A jury Thursday convicted Assemblyman William Boyland Jr. on corruption charges for soliciting bribes from undercover agents posing as businessmen.
The political scion — who faces up to 30 years in prison — buried his head in his hands after going down on all 21 counts he faced in Brooklyn federal court.
In a surprise, Judge Sandra Townes immediately remanded Boyland after the verdict, citing his texting of a witness earlier in the case and his history of lying about his whereabouts as her rationale.
Jurors found that he repeatedly and brazenly made payoff requests to a pair of undercover agents seeking to hasten development deals in his downtrodden Brooklyn district.
The youngest branch of a once-famed but now broken political family tree, Boyland Jr. was also found guilty of lying about performing legislative work in Albany to earn more than $70,000 in unearned per-diem payments and for steering nonprofit funds to his campaign coffers.
Prosecutors hammered away at Boyland as a brazen payola fiend during the monthlong trial and leaned heavily on the testimony of his former lover and chief of staff, Ry-Ann Hermon, who eagerly buried him on the stand.
Hermon — who was famously caught on tape telling an undercover agent that the bribe he handed her made her “hot” — blasted her former boss and beau as a reckless and inept politician who sought out cash in exchange for political favors.
She was arrested along with Boyland and quickly copped a plea with prosecutors in exchange for skewering him on the stand.

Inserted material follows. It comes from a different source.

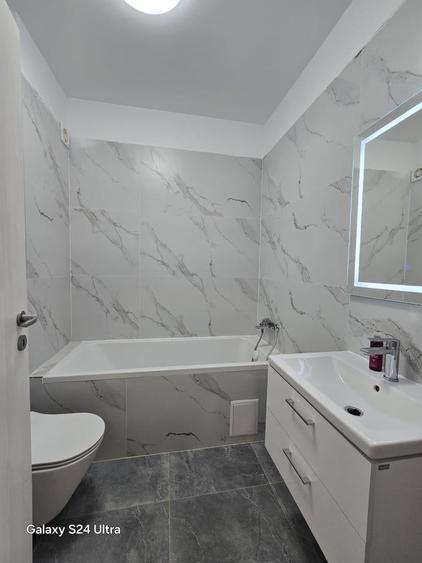 Apartament cu 2 camere decomandat în Apărătorii Patriei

Boyland, 43, turned down a 9-year plea deal in a last-minute change of heart earlier this year — and now faces the grim prospect of decades behind bars after the conviction.
His attorneys tried to argue that he was simply trying to coax campaign contributions from the agents and never intended to follow through on his promises to deliver political favors.
But his chances of acquittal faded under the weight of hours of surveillance recordings captured by federal agents.
During one drive through Brooklyn with an undercover, Boyland characterized his Brookyln district as a personal fiefdom. “Everything you see here, I control,” he boasted on tape. “I’m the politician,” he said.
Prosecutors also presented bank records and other evidence that showed Boyland eating his way across the boroughs, enjoying a spa treatment, and even sunning himself in Turkey while claiming to be at work in the state capital.
Boyland Jr. managed to skate on corruption raps in a Manhattan federal court case in 2011, but wasn’t able to slip through the grasp of the Eastern District.
Prosecutors Lan Nguyen, Robert Capers and Christina Dugger did not comment as they exited.
Boyland is just the latest in a parade of New York politicos who’ve pleaded guilty to or been convicted of ugly corruption raps.
State Sens. Shirley Huntley, Hiram Monserrate, Pedro Espada and Carl Kruger have all faced serious criminal raps in recent years.
State Sens. Malcolm Smith and John Sampson have been charged with various acts of corruption, with their cases still pending.